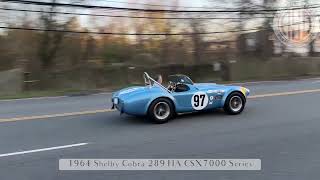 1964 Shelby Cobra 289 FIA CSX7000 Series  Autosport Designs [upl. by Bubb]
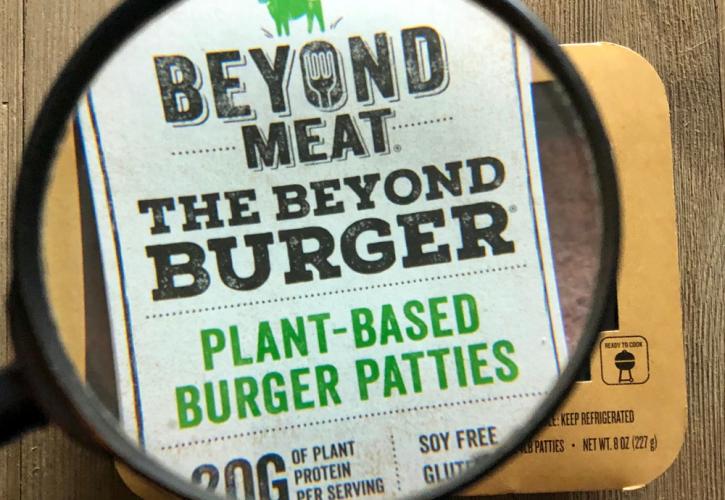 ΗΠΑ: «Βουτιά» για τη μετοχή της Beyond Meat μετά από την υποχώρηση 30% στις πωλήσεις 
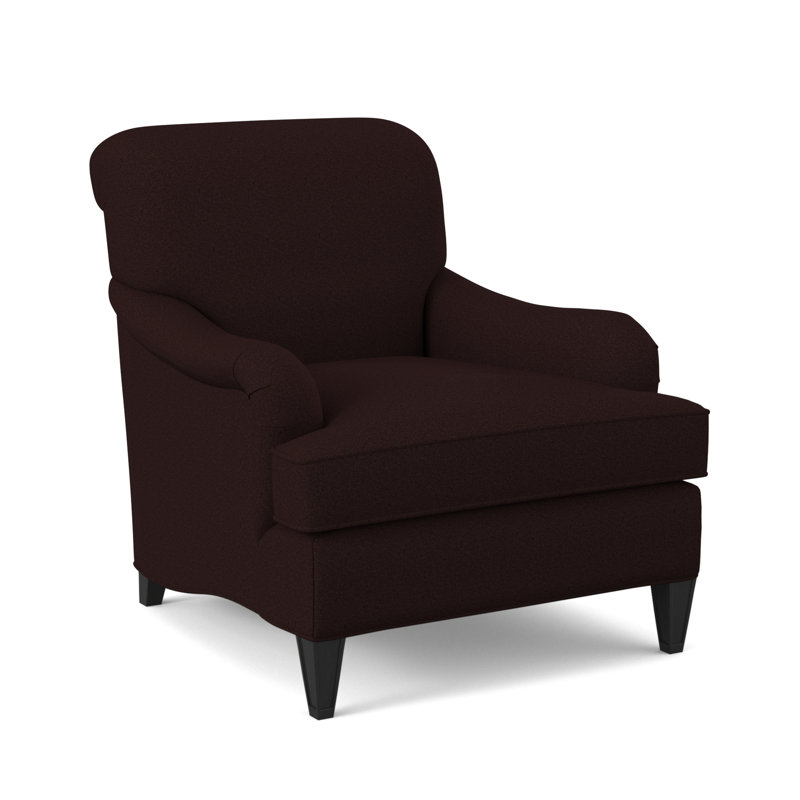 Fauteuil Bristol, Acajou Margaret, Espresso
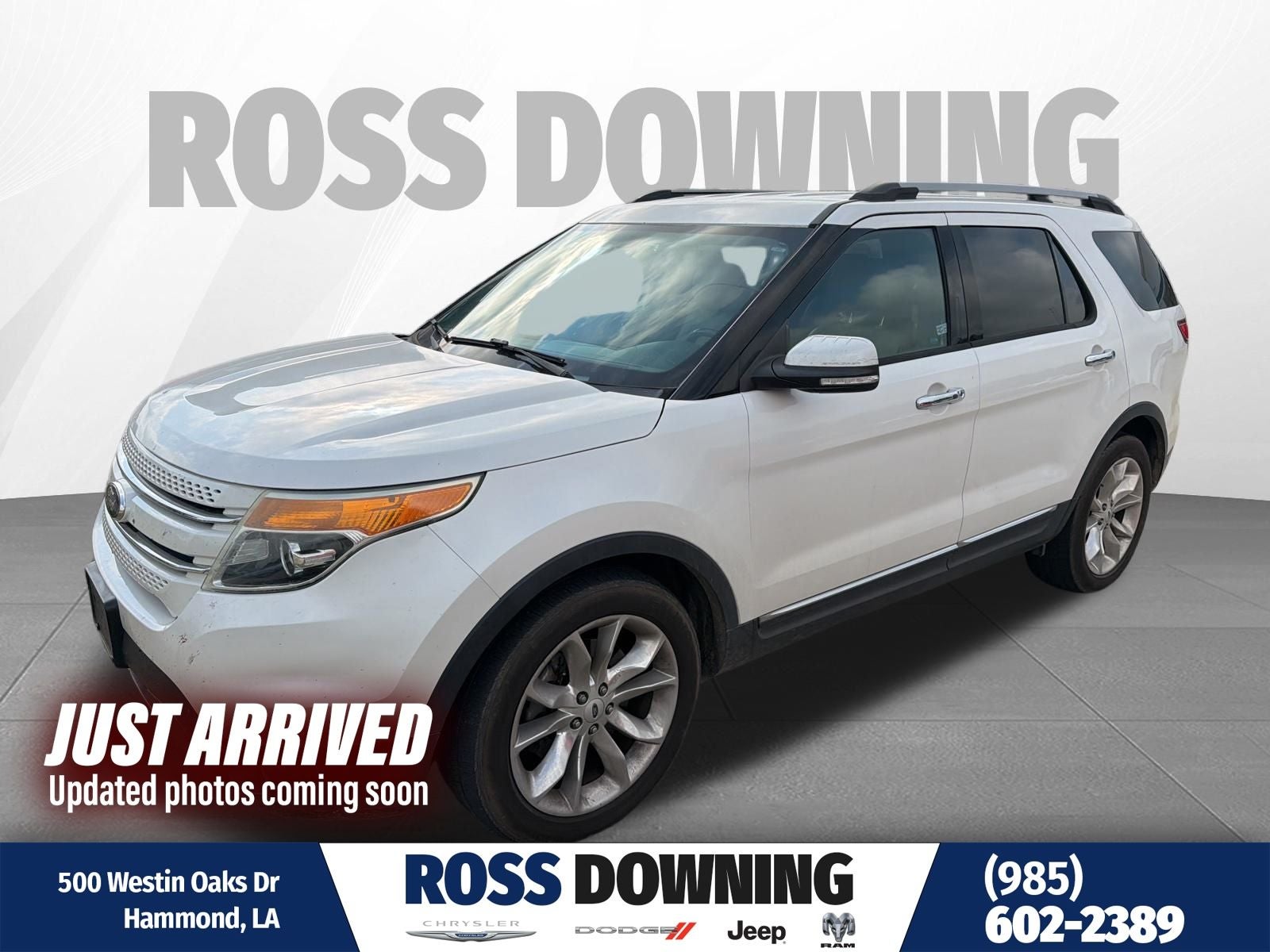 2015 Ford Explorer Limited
● ● ● ● ●
Exercise description: Return every line of the data above exactly, and omit all pictures.

Task solution:
 1964 Shelby Cobra 289 FIA CSX7000 Series  Autosport Designs [upl. by Bubb]
 ΗΠΑ: «Βουτιά» για τη μετοχή της Beyond Meat μετά από την υποχώρηση 30% στις πωλήσεις 
 Fauteuil Bristol, Acajou Margaret, Espresso
 2015 Ford Explorer Limited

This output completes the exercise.